Классификатор скрупулезный,

поди попробуй разними —

стихами были или прозой

поэтом прожитые дни?

Разъять все-таки можно — не в букваль­ном смысле, а аналитически. И тогда мож­но заметить ход взаимовлияния: стих Воз­несенского настраивает по прозе свою ре­чевую органику, а проза перенимает у стиха метафоризм, лаконичность высказывания.
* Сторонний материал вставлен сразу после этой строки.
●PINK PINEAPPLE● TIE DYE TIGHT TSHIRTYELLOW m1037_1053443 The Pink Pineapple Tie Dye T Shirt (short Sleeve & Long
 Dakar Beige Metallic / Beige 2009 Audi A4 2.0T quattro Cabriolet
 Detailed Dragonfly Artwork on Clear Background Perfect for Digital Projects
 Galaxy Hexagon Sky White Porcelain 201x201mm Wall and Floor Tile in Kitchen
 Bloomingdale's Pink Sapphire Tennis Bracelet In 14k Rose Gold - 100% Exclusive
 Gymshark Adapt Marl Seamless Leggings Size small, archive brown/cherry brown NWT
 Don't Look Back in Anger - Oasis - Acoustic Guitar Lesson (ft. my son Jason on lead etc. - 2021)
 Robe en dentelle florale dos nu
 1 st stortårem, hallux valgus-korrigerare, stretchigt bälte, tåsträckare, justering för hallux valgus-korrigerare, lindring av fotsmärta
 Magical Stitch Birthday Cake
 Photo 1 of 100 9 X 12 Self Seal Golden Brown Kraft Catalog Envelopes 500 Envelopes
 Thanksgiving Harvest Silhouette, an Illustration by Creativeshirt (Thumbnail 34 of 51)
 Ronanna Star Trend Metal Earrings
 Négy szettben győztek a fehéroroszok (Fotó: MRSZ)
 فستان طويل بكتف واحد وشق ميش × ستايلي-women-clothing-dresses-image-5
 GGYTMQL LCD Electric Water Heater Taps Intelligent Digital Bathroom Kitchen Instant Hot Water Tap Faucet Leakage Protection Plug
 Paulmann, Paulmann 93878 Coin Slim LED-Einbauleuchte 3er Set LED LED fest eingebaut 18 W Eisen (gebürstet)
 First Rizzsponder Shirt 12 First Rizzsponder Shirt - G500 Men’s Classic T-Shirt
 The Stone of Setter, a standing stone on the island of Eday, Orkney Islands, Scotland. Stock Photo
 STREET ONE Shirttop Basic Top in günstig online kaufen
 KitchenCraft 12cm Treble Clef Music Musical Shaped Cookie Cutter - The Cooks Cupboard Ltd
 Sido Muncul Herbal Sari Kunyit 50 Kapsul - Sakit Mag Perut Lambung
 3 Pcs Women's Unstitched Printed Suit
Это ощущается не только в повести о Пастернаке «Мне четырнадцать лет...», но и, скажем, в маленькой новелле «Судьба поэта», помещенной в качестве скромного вреза к журнальной публикации стихов Высоцкого. Это не мемуары, не критика — слишком велик субъективный элемент, всюду неизменное сравнение персонажей с самим собой и со своей биографией. Че­тырнадцать лет — это и «вечный» возраст Пастернака, и возраст автора в пору пер­вой встреча с учителем. А в раздумьях о трагически запоздавшем признании талан­та Высоцкого звучит момент исповеди: «Неужто умереть надо, чтобы люди поня­ли и поверили?» Что ж. тем отчетливее личная заинтересованность в тех, о ком пи­шет Вознесенский, внятнее то, что он хо­чет сказать читателю…

Рецензионная традиция требует пример­но в четвертом абзаце с конца заговорить о недостатках, пожелать автору преодоле­ния противоречий.

Вспоминаю одну из постоянных автоме­тафор Вознесенского:

Века Пушкина и Пуччини

мой не старше и не новей.

Согласитесь, при Кампучии

мучительней соловей.

История русской поэзии показывает, что советовать соловьям, тем более направлять их развитие — дело не очень плодотворное. Не хочу повторять традиционных ошибок. А потому не желаю автору «Соблазна» и «Безотчетного» расставаться с теми про­тиворечиями, и страшными и прекрасны­ми, из которых он делает свой стих и свой свет.